But surprisingly, that's twice as slow as the previous solution.
Let's identify some remaining culprits with the outlined solutions.
First: FatModel.maximum(:updated_at)
is not indexed:
class AddFatModelIndexOnUpdatedAt < ActiveRecord::Migration[7.1]
def change
add_index :fat_models, :updated_at
end
end
You could also express the if
statement in SQL to save yourself a data roundtrip, but it saves you only a millisecond or two:
class FatModelMaterializedJson < ApplicationRecord
def self.refresh
ActiveRecord::Base.connection.execute(<<~SQL)
DO $$
BEGIN
IF (
(SELECT last_refreshed_at FROM aggregated_names LIMIT 1)
<
(SELECT MAX(updated_at) FROM fat_models)
) THEN
REFRESH MATERIALIZED VIEW fat_models_materialized_json;
END IF;
END $$;
SQL
end
end
Second: FatModelMaterializedJson.first.aggregated_names
went back to allocates 600k objects! We want to pipe the calculated JSON to the client without parsing it with Ruby first.
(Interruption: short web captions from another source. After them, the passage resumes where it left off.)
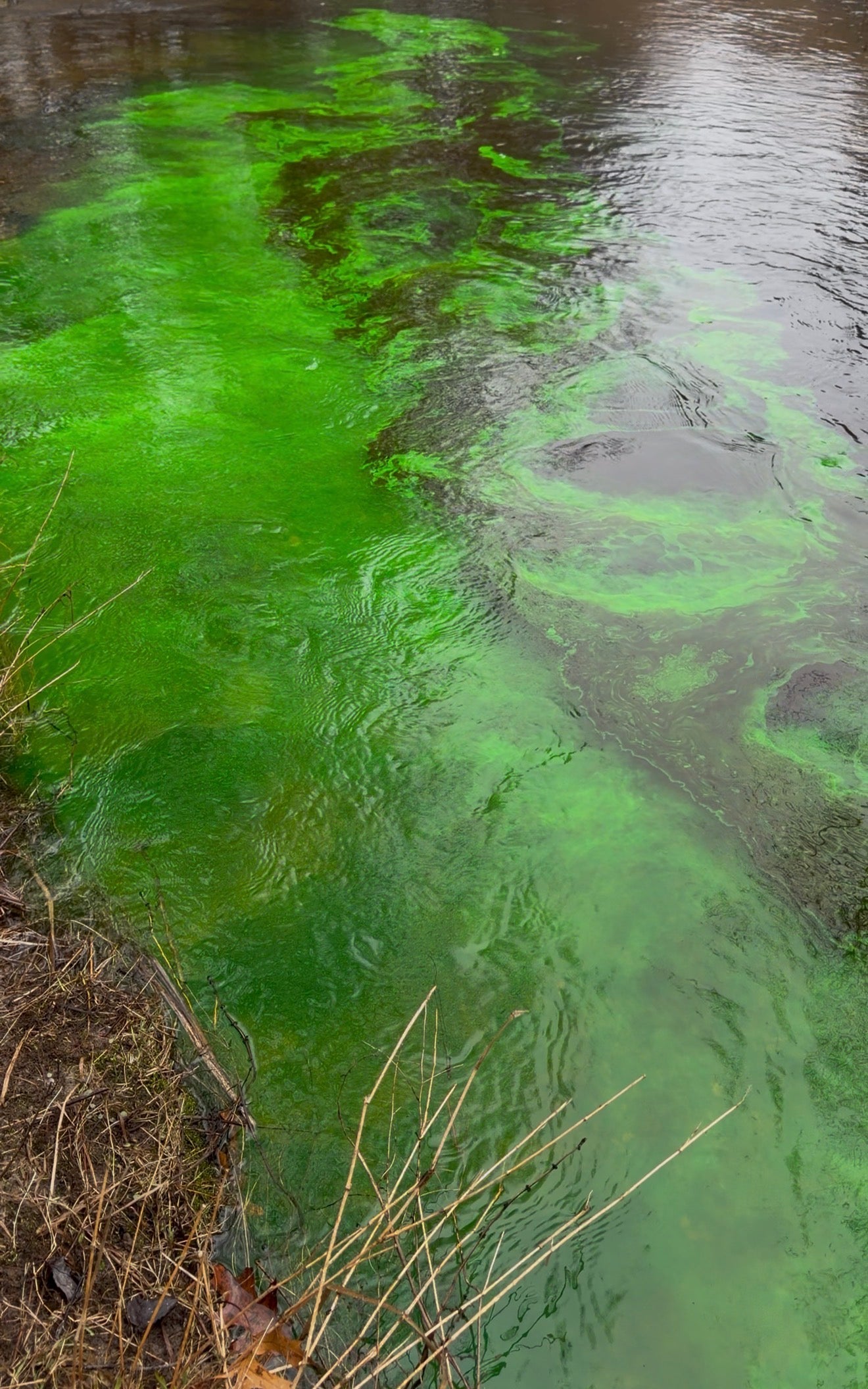 Risk Sea Visibility Dye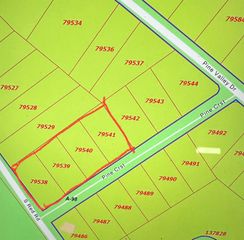 TBD Pine Crest Street, Shepherd, TX 77371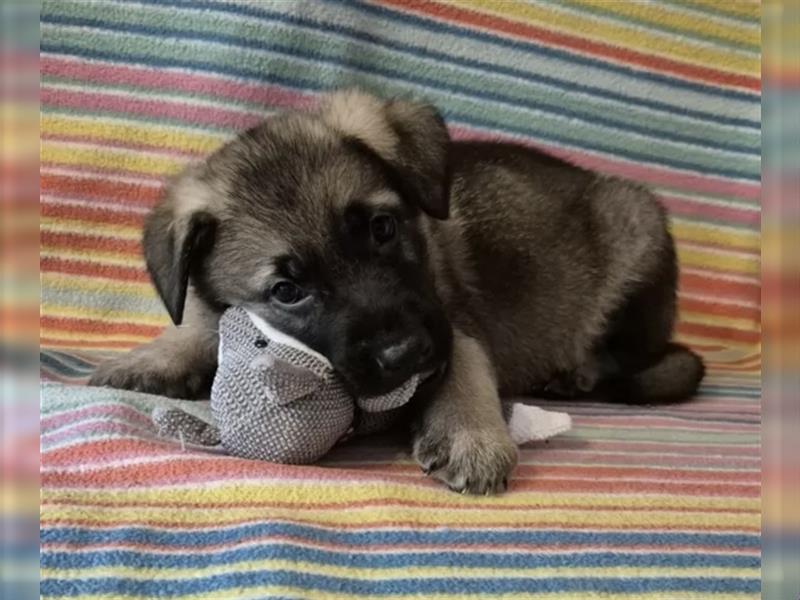 Osteuropäische Schäferhunde Welpen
Replacing it with an explicit SQL query does just that:
class FatModelMaterializedJson < ApplicationRecord
def self.read
refresh
ActiveRecord::Base.connection.execute(<<~SQL).first['aggregated_names']
SELECT aggregated_names FROM fat_models_materialized_json
SQL
end
end
Third: If the data changes without touching updated_at
, we get wrong results. As this does not affect the runtime performance I'll just link to the
CREATE TRIGGER
Show archive.org snapshot
documentation - the view can automatically be refreshed on data change (not always desirable though).
With the two patches above I'm now down to from 10 seconds to 43 milliseconds for a unchanged/cached JSON view. Any suggestions to make it faster? :-)